Toutefois, il laisse la possibilité à l'adversaire d'intervenir sans retard grâce aux infiltrations parfaitement régulières, puisque la touche est terminée dès que le ballon a perdu le contact de la main du réceptionnaire. Pour limiter ce risque, il s'est instauré ce que nous appelons le système de "la main qui étreint" qui pour être efficace, doit être une obstruction, source de pénalités et de bagarres. Nous pensons que ce problème est sérieux, il doit trouver sa solution car bien que le nombre de touches ait diminué depuis les nouvelles règles, il s'en dispute en moyenne au moins de 40 à 60 par match, ce qui est aussi important que les mêlées ordonnées, pour lesquelles il semble que le comportement de nos avants soir devenu valable. Quant aux regroupements, "rucks" en particulier, nous progressons peu. Les participants se placent avec décision certes mais au petit bonheur la chance, quand ils n'effectuent pas de superbes plongées sur le dos des joueurs groupés, méritant, c'est normal, un coup de pied de pénalité. Pourtant les données de ce problème sont connues, traitées par nous tous, éducateurs, depuis tant( de temps qu'on est obligé d'admettre que pour les joueurs, ces regroupements représentent peu d'intérêt et pourtant !

Pour terminer, nous n'avons pas compris, surtout en première mi-temps, que Barrau dans on introduction en mêlée place son ballon au départ à la hauteur de la poitrine, ce que du reste, Pébeyre faisait l'an dernier et avait été pénalisé. M. Kelleher n'a pas été trop sévère, mais tous les arbitres ne seront pas aussi indulgents. Aussi faut-il revenir au respect du règlement : ballon tenu à deux mains à mi-distance entre les deux premières lignes et à mi-hauteur entre les genoux et les chevilles, pour ne pas connaître de mésaventure !

Février 1971.

Dans cet article, paru en Février 1971, Julien SABY évoque trois thèmes de réflexion qui sont les suivants :

- L'esprit d'aventure mais aussi la rigueur dans le jeu - à l'occasion de France-Ecosse,

- L'intérêt et les limites de l'observation par magnétoscope,

- Les problèmes particuliers posés par l'arbitrage des remises en jeu à la touche.

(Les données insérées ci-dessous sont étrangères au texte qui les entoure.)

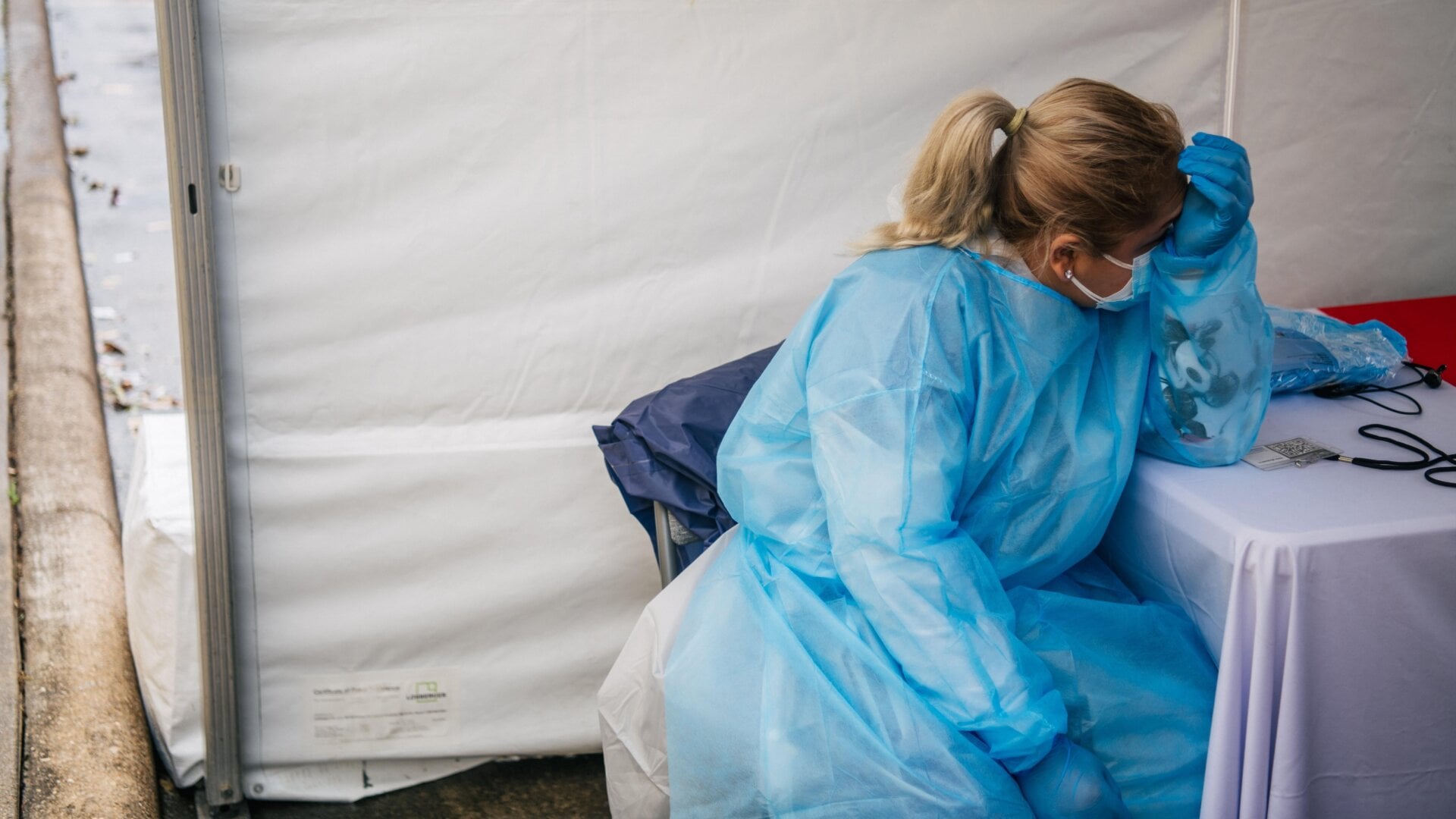 A medical assistant rests while waiting for patients at an abandoned Dave & Buster’s that’s been converted to a large-scale covid-19 testing facility on January 8, 2022 in Houston, Texas.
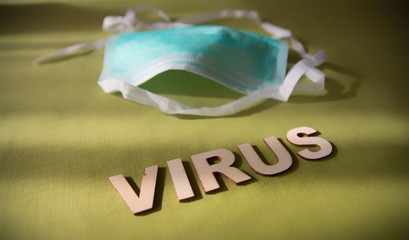 Face mask on a green background with the word virus. Coronavirus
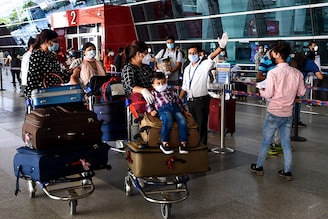 Passengers arrive at the Indira Gandhi International airport in New Delhi on the first day of resuming of domestic flights after the government imposed a nationwide lockdown as a preventive measure against the spread of the COVID-19 coronavirus. May 25, 2020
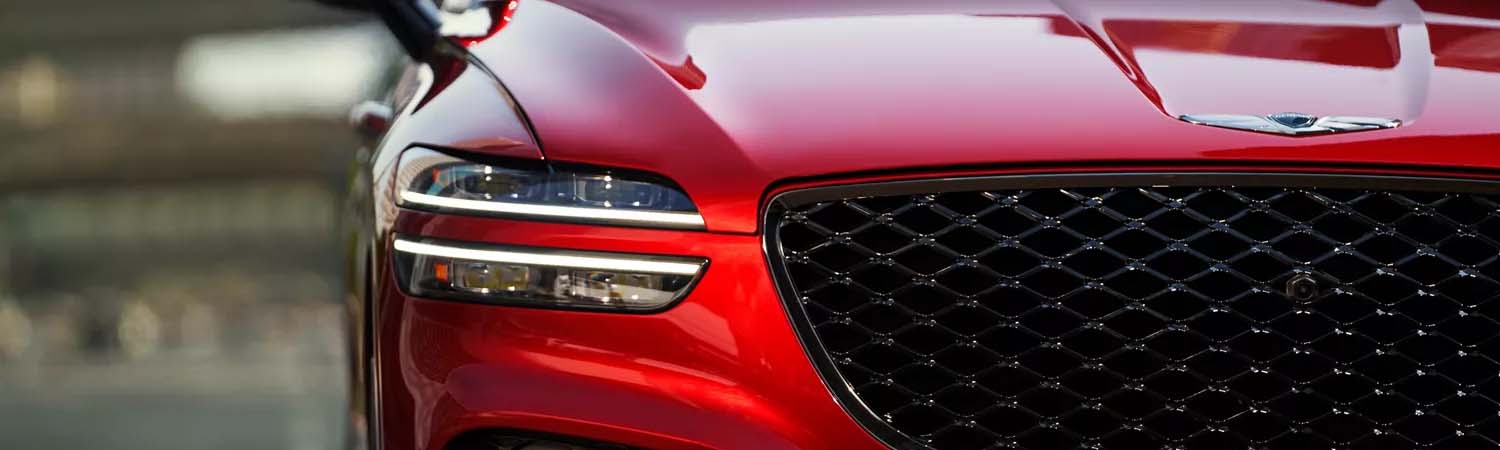 Exterior shot of the headlight and grille on a Genesis GV70.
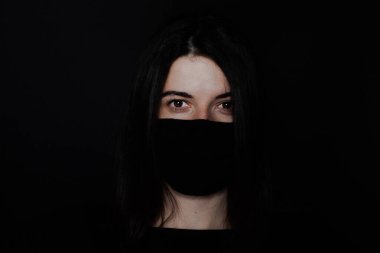 Siyah arka planda koruyucu maskeli genç bir kız. Siyah saçlı ve kırmızı maskeli bir kız. Koronavirüs hastalığına karşı. Salgın Coronovirus covid-19 salgını. Ev konseptinde kal.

Nous avons retenu les deux premiers thèmes de cet article, le troisième étant rendu caduc par les changements intervenus dans le règlement du jeu de la touche avec notamment la législation du "lifting" dont on soulignera cependant que, s'il a permis d'y voir plus clair pour les arbitres, il a participé à la diminution de l'incertitude en jeu et donc, indirectement a augmenté l'efficacité et le verrouillage des oppositions.

Concernant le premier thème relatif à "l'esprit d'aventure", l'exemple pris par Julien SABY n'est que l'application, comme il le dit lui-même, de l'exploitation d'un point fort - le jeu des lignes arrières - approvisionné par des "avants courageux".

Cette précision concernant le point fort était indispensable, de même que le passage consacré à la rigueur, pour éviter que, recherchant le divertissement, les joueurs n'en viennent à la pratique d'un jeu débarrassé de toutes les exigences, les contraintes, les obligations qui sont indispensables à l'efficacité.

Il était également bon de préciser cette notion de point fort car celui-ci n'est pas toujours le même, qu'il peut varier devant tel ou tel adversaire et que, dès lors l'utilisation du ballon peut être différente, et que les avants eux-mêmes peuvent prendre dans la victoire une part prépondérante.

L'observation au magnétoscope en 1971 débutait, certains d'entre nous furent cloués au pilori pour "enlever au jeu sa part de poésie". Aujourd'hui cette pratique s'est généralisée et tous les entraîneurs y ont recours. La vidéo est devenue un outil pédagogique, très intéressant à condition de respecter certains règles de présentation, et surtout de savoir distinguer parmi les erreurs constatées celles qui sont les plus essentielles et qui agissent comme conséquences de lacunes plus profondes.

Remercions Julien SABY d'avoir une fois encore senti les contradictions auxquelles notre jeu a et aura toujours à faire face et de les avoir si clairement exprimées.